If you take that deal at 15% interest p.a., here's where you end up:
• You've spent: $56,913
• The car is worth: $15,287
• In your bank: $0
Since your $219 a week was all poured into the car repayments, your net worth is only the car's value ($15,287).
That's how wealth gets destroyed over time. Where'd all the money go? How about if you put the car on your mortgage?
Things look slightly better if you finance the same car by tapping your mortgage, because it is typically some of the cheapest money around. If the interest rate were 5% instead of 15% p.a., for example, that's a much better deal.
Keeping your repayments at $219 a week, you would finish in 3 years, 11 months instead of 5. And if you kept funnelling that weekly amount into savings, here's how things would look for you after five years:
• You've spent: $44,010
• The car is worth: $15,287
• In your bank: $13,050
So your net worth after five years would be the car's value plus your savings, or $28,337. A bit better.
However - and this is a big "however" - if you didn't keep up those repayments and just left the car on the mortgage for long periods, it could spell disaster. The cost of that car could balloon as high as $77,249 if you did that for 30 years! Not recommended.
Here's how to buy a car without it setting you back
Let's go back to that $219 a week. Say that you start by saving that amount (paying yourself first via an automatic payment). After just a year, you'd already have $11,497.

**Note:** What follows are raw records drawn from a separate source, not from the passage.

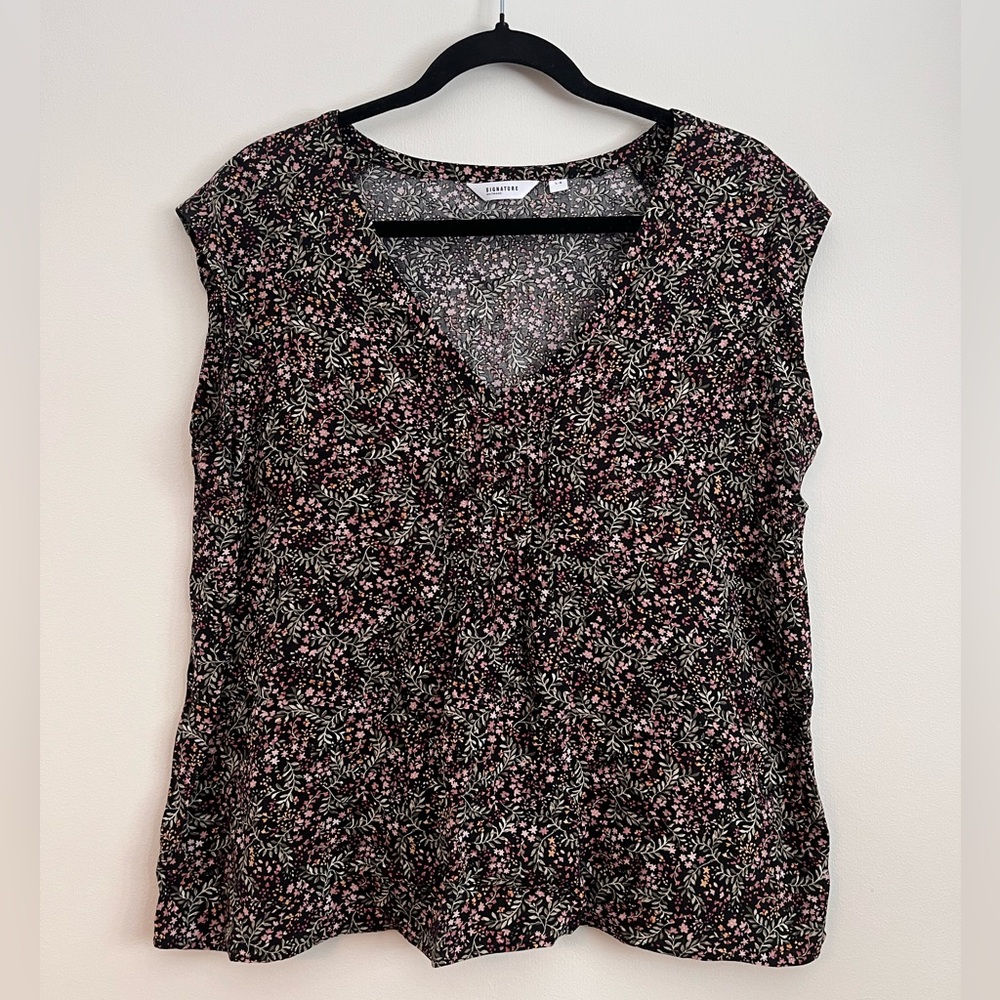Women’s Black Floral Sleeveless Blouse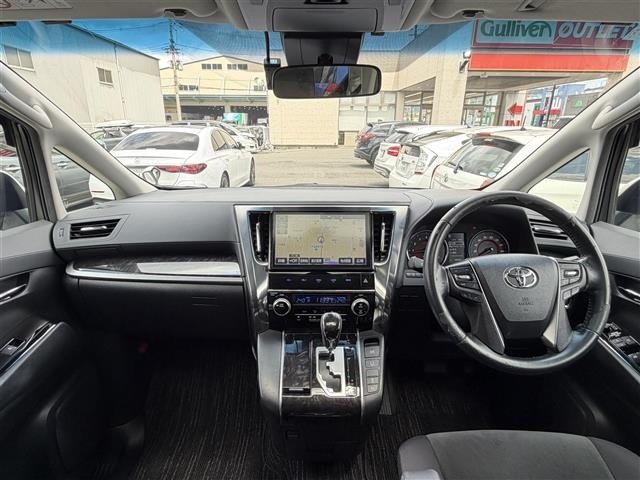 Toyota ALPHARD 2018 8597965-15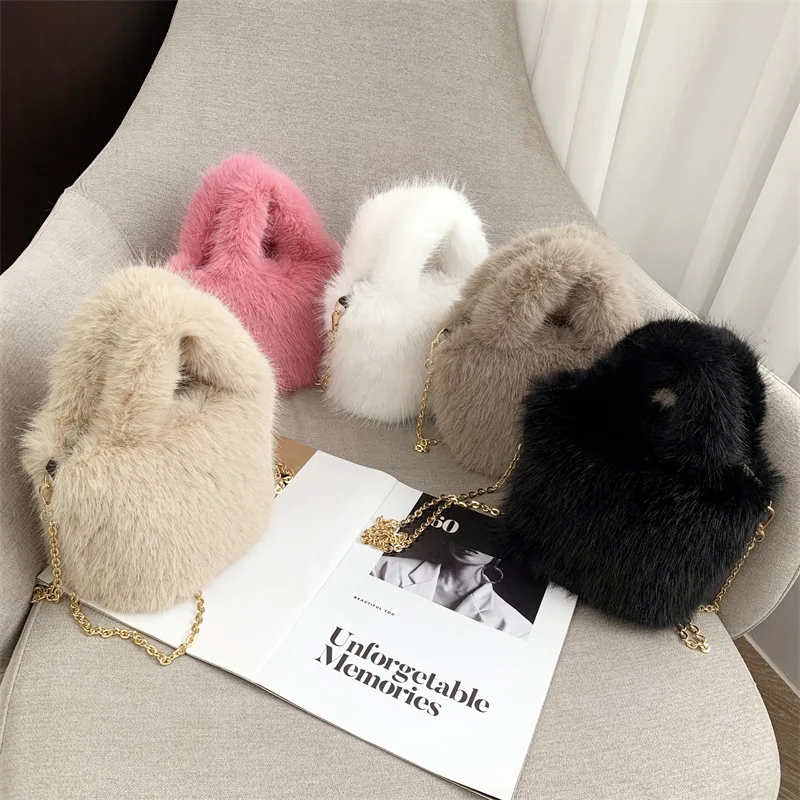 

New Women's Plush Handheld Versatile Chain Crossbody Bag
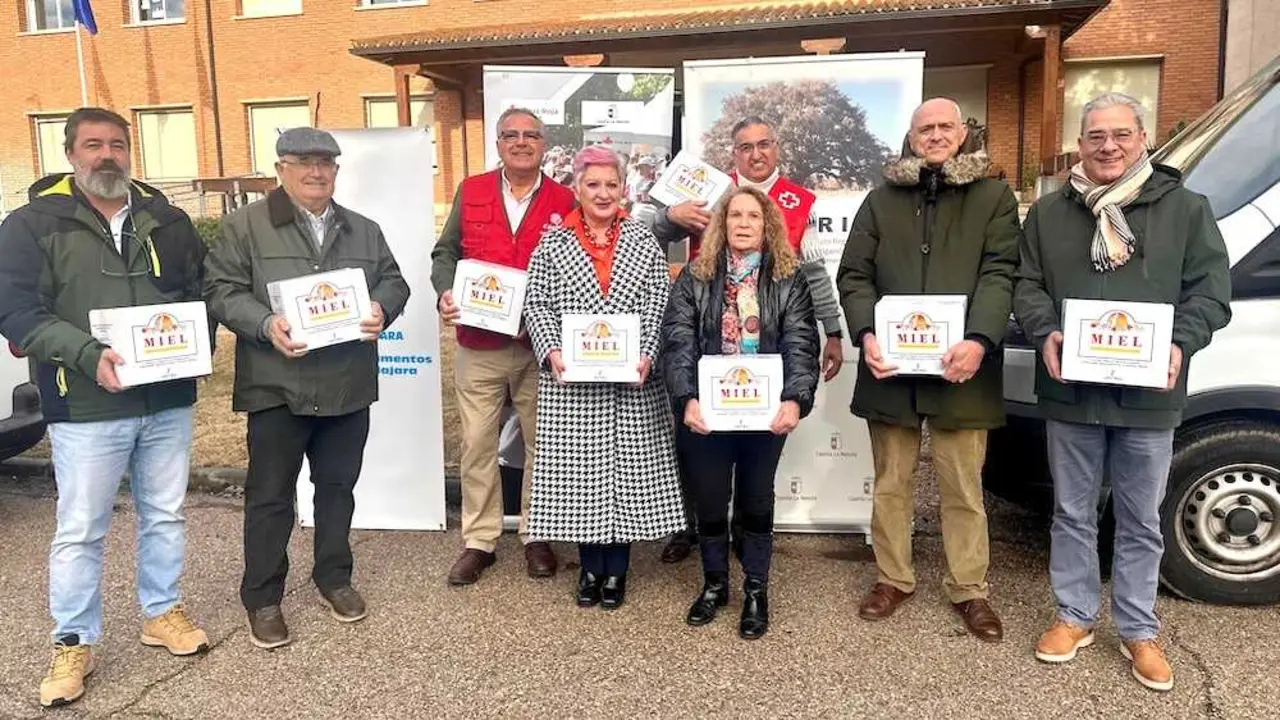 La Junta dona 180 kilos de miel a organizaciones sociales de Guadalajara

So you take that $11,497 and go car shopping. Instead of a new tank, you find a six-year-old set of wheels and skip all that plummeting value that happens at the beginning.
Keep up that savings habit, and here's where you end up after five years:
• You've spent: $11,497
• The car is worth: $5,326
• In your bank: $47,401
And guess what your net worth is after those five years? The car and your savings makes it $52,727. That's a very different result from the same amount of money ($219 per week) leaving your pocket. It's also enough to go shopping for another sensible car and keep creating wealth instead of destroying it.
Steps to get your wheels while getting ahead
Step 1. Make a plan for how much you want to spend on cars each fortnight (or however often you're paid).
Step 2. Instead of making car repayments, funnel that money by paying yourself first into the highest-interest savings account you can find.
Step 3. Buy a solid, reliable car after a year with cash, and keep funnelling the same fortnightly amount into savings.
Step 4. In five years, tap your savings and sell your car to buy an even more solid, reliable car. Keep funnelling your fortnightly savings into a low cost managed fund.
Step 5. In the years that follow, the compounding interest from your fund could keep you in cars from here on out!